Childhood 'Growth' Tests Not Always Necessary
FRIDAY, Oct. 6, 2017 -- Just because a child isn't growing or developing exactly like his or her peers doesn't mean a host of medical tests are in order.
In fact, five medical tests commonly ordered for children who are short, overweight or showing signs of early puberty aren't always necessary. And, that's particularly true if youngsters are otherwise healthy, according to the American Academy of Pediatrics (AAP).
The five tests include hormone tests, endocrine tests, vitamin D screening, thyroid or insulin tests for overweight children and thyroid ultrasounds for kids with an enlarged thyroid gland or autoimmune thyroid disease, the group noted.
Doctors and their patients should carefully weigh the risks and benefits of these procedures, advised Dr.
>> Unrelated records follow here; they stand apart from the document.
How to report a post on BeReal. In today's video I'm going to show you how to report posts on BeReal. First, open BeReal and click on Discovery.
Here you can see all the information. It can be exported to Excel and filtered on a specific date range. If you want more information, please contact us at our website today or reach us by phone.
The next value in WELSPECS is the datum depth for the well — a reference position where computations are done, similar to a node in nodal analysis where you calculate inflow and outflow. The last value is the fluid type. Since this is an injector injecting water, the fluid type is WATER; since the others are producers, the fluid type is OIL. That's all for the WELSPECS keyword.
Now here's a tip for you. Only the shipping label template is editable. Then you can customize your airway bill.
Paul Kaplowitz in an AAP news release. He's past chairperson of the AAP Section on Endocrinology.
"As a pediatric endocrinologist, I've counseled many parents who are worried about their children's growth," Kaplowitz said.
"There is a wide range of what is 'normal' for child growth and development. If a child is otherwise healthy and is following their own curve, what the parents often need is reassurance that their child is fine, and not a lot of testing," he said.
The AAP compiled a list of the five commonly used procedures, urging doctors to use evidence-based strategies when ordering these tests.
Hormone tests, for example, may be unnecessary for children with pubic hair or body odor but no other physical signs of puberty, such as a growth spurt or breast development.
Screening tests for endocrine disorders are unlikely to benefit children with a normal growth rate, according to the AAP.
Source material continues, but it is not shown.